On Sunday, April 30 there was a landmark date for the remembrance of 25 years since the Vietnam War ended. This was a sad time to remember. It marks a time of lost family and friends and the fall of a nation. With the power of communism on the up rise lives were endangered and worlds overturned. Not to mention all the other people who were affected by the war. The Americans who lost their lives and the surrounding Southeast Asians countries and their immigrants who are still left with unfulfilled promises struggle everyday to let a terrible image pass them.

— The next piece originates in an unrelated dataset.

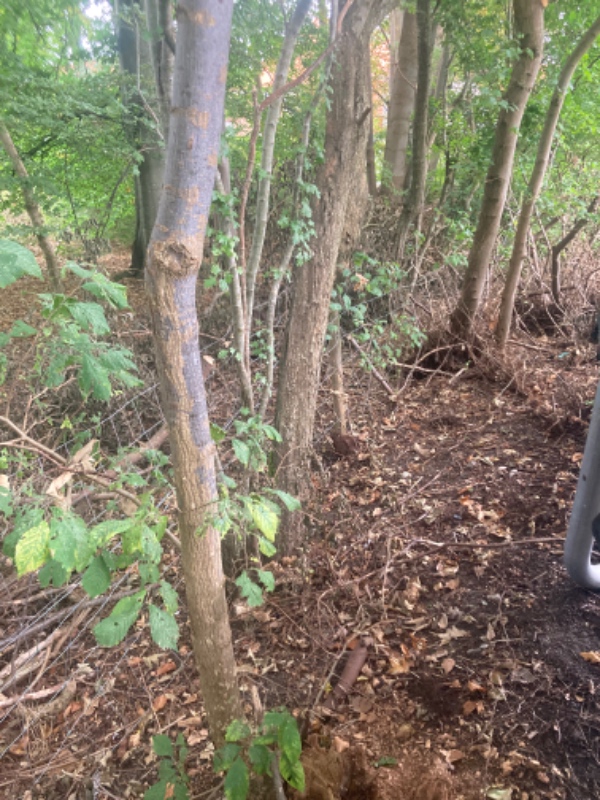 Fjerne buske og 11 små træer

Takaki has shown me that Asian-Americans have the same racial discrimination problems that African-Americans have had to endure. Whereas African-Americans were forced here and Asians chose to flee their countries they in turn dealt with the same treatment by Americans and the government. The same harsh discrimination and the same treatment that they were less than an Anglo have resurfaced. It is a shame that we don’t teach our population how history really happened, instead we cover it up to make it look less than it really was.